#### Study material ####

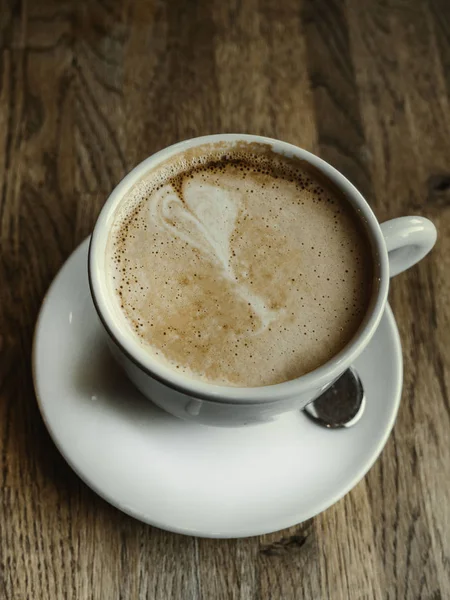 Xícara de café de arte quente latte na mesa de madeira — Fotografia de Stock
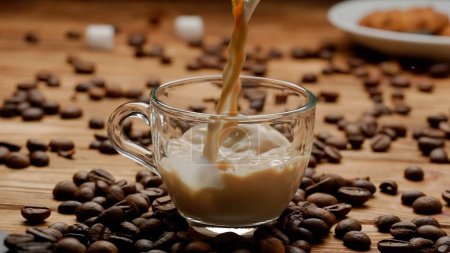 Photo for Streams of coffee and milk pour into a glass cup, filling it with an aromatic drink. Close up of a cup of coffee or milk tea on the kitchen table near coffee beans. Morning ritual, breakfast concept - Royalty Free Image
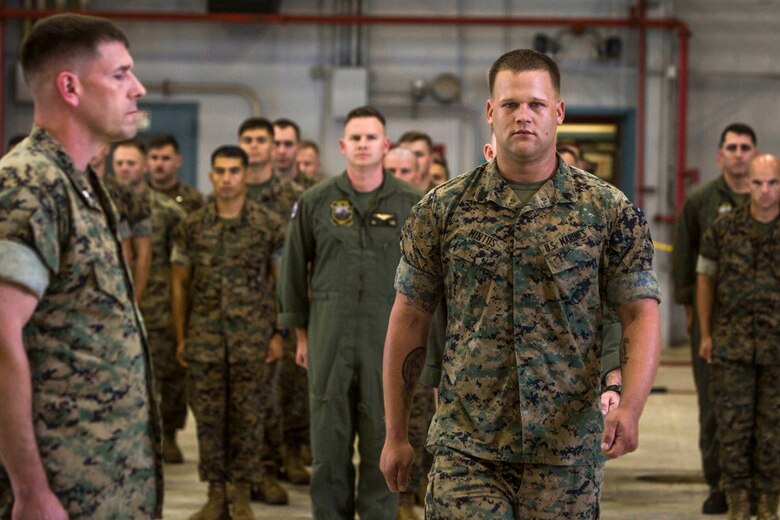 Sgt. Ethan Mintus, an unmanned aerial system (UAS) operator with Marine Unmanned Aerial Vehicle Squadron 3 (VMU-3), marches forward during an award ceremony at Hangar 103, Marine Corps Air Station Kaneohe Bay, Dec. 11, 2017. Mintus was awarded the Navy and Marine Corps Achievement Medal with the newly authorized Remote Impact (“R”) Device alongside Sgt. Joseph Latsch, a fellow UAS operator with VMU-3, for their performance during combat operations. (U.S. Marine Corps photo by Lance Cpl. Isabelo Tabanguil)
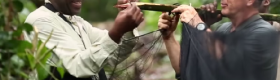 Two men in a jungle environment conducting an experiment involving a wooden branch with a sharp point and a thin black net.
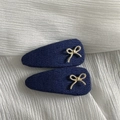 Detail of two navy denim fabric snap hair clips featuring golden braided bow accents - Dark Denim Metal Knot Teardrop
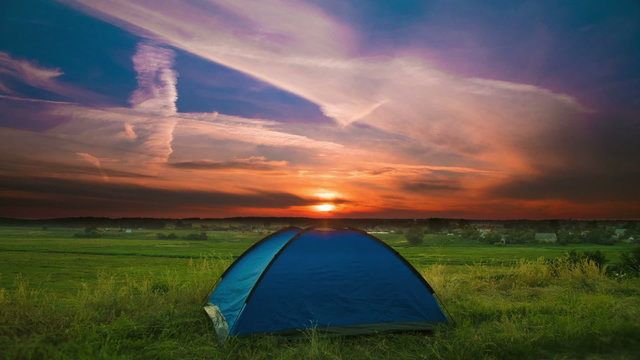 The camping tent by sunset (sunrise) background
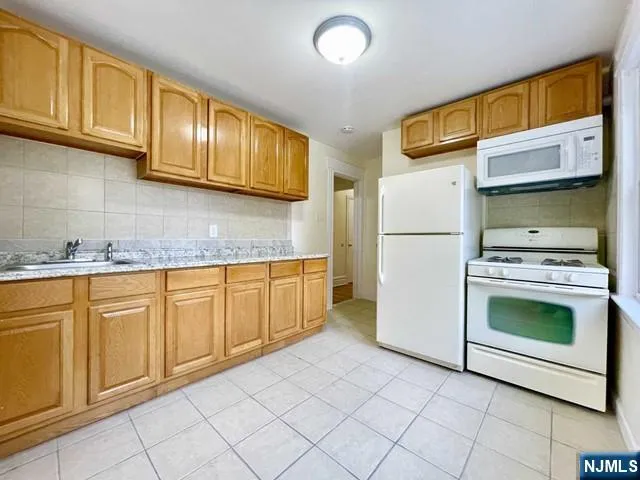 a kitchen with stainless steel appliances granite countertop a refrigerator sink and cabinets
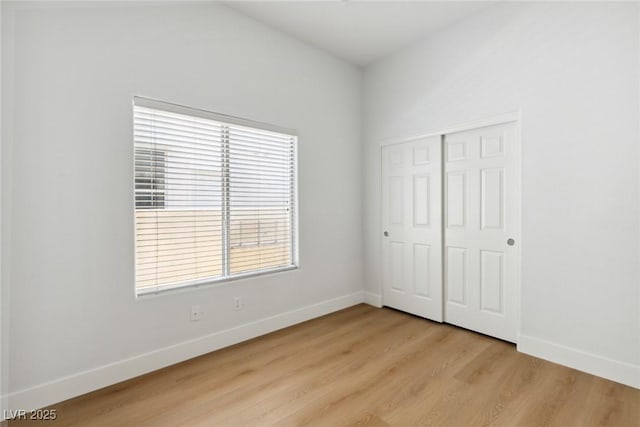 8312 Raphael Ct, Las Vegas, NV 89129 - unfurnished bedroom with baseboards, light wood finished floors, and a closet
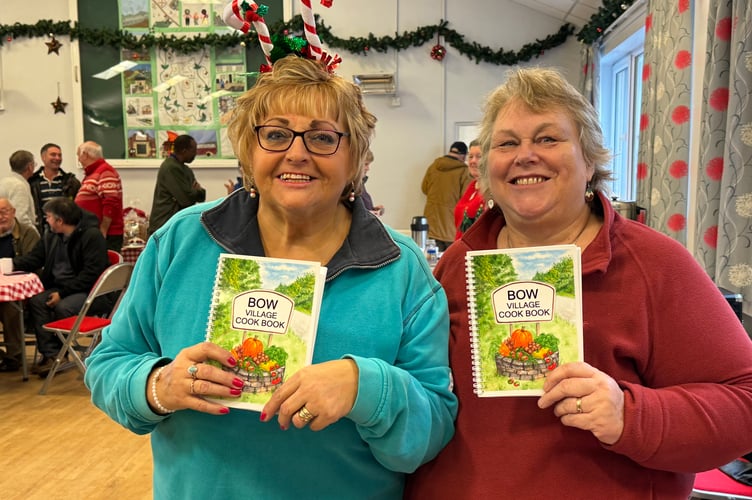 Selling copies of the Bow Village Cookbook. AQ 8312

####

- _The problem_
Please return, without any change, the lines from the line containing "Two men in a" through the last line of the entries, dropping the pictures.

- _Reply_
 Two men in a jungle environment conducting an experiment involving a wooden branch with a sharp point and a thin black net.
 Detail of two navy denim fabric snap hair clips featuring golden braided bow accents - Dark Denim Metal Knot Teardrop
 The camping tent by sunset (sunrise) background
 a kitchen with stainless steel appliances granite countertop a refrigerator sink and cabinets
 8312 Raphael Ct, Las Vegas, NV 89129 - unfurnished bedroom with baseboards, light wood finished floors, and a closet
 Selling copies of the Bow Village Cookbook. AQ 8312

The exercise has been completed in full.